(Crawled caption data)
== Segment start ==

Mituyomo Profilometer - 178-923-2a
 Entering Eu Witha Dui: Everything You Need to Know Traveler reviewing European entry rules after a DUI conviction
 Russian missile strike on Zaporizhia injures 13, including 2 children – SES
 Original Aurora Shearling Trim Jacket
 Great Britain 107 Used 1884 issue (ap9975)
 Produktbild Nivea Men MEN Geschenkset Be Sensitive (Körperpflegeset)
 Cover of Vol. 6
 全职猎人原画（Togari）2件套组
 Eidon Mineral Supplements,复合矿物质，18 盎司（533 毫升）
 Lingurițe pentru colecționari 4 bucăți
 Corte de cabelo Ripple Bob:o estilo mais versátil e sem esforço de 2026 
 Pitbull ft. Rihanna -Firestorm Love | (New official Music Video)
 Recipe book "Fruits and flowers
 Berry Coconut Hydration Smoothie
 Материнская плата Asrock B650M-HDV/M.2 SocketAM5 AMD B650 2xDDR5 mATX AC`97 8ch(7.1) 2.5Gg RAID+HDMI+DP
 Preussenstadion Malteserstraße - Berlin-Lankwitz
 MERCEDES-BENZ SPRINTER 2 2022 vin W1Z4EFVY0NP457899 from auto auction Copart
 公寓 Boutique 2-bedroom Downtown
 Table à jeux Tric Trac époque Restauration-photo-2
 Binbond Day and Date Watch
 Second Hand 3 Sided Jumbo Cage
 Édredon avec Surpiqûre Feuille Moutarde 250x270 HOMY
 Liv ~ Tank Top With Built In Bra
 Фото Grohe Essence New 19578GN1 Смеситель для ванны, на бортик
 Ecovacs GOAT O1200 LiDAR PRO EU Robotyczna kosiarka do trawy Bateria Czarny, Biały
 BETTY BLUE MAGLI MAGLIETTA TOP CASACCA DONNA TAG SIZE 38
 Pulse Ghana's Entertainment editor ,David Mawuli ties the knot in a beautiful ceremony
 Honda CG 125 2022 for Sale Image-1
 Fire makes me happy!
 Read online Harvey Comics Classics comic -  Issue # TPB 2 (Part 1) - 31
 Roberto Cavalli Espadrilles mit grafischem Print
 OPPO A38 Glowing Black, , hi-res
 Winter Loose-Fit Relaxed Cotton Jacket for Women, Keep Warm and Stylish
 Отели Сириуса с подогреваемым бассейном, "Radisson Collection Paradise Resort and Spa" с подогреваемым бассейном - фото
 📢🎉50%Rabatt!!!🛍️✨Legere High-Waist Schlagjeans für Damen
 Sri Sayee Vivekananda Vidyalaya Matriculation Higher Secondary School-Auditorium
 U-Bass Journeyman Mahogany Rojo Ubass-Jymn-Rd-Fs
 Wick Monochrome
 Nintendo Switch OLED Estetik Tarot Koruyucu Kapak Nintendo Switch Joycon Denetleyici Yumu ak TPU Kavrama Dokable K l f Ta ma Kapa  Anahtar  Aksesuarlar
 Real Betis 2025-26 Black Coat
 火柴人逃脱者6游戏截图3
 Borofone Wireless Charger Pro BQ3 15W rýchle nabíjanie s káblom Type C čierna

== Segment end ==

**About this task**
The range runs from the line above containing "Binbond Day and Date Watch" to the line containing "Wick Monochrome", inclusive. Restate those lines word for word and no others.

**Answer space**
 Binbond Day and Date Watch
 Second Hand 3 Sided Jumbo Cage
 Édredon avec Surpiqûre Feuille Moutarde 250x270 HOMY
 Liv ~ Tank Top With Built In Bra
 Фото Grohe Essence New 19578GN1 Смеситель для ванны, на бортик
 Ecovacs GOAT O1200 LiDAR PRO EU Robotyczna kosiarka do trawy Bateria Czarny, Biały
 BETTY BLUE MAGLI MAGLIETTA TOP CASACCA DONNA TAG SIZE 38
 Pulse Ghana's Entertainment editor ,David Mawuli ties the knot in a beautiful ceremony
 Honda CG 125 2022 for Sale Image-1
 Fire makes me happy!
 Read online Harvey Comics Classics comic -  Issue # TPB 2 (Part 1) - 31
 Roberto Cavalli Espadrilles mit grafischem Print
 OPPO A38 Glowing Black, , hi-res
 Winter Loose-Fit Relaxed Cotton Jacket for Women, Keep Warm and Stylish
 Отели Сириуса с подогреваемым бассейном, "Radisson Collection Paradise Resort and Spa" с подогреваемым бассейном - фото
 📢🎉50%Rabatt!!!🛍️✨Legere High-Waist Schlagjeans für Damen
 Sri Sayee Vivekananda Vidyalaya Matriculation Higher Secondary School-Auditorium
 U-Bass Journeyman Mahogany Rojo Ubass-Jymn-Rd-Fs
 Wick Monochrome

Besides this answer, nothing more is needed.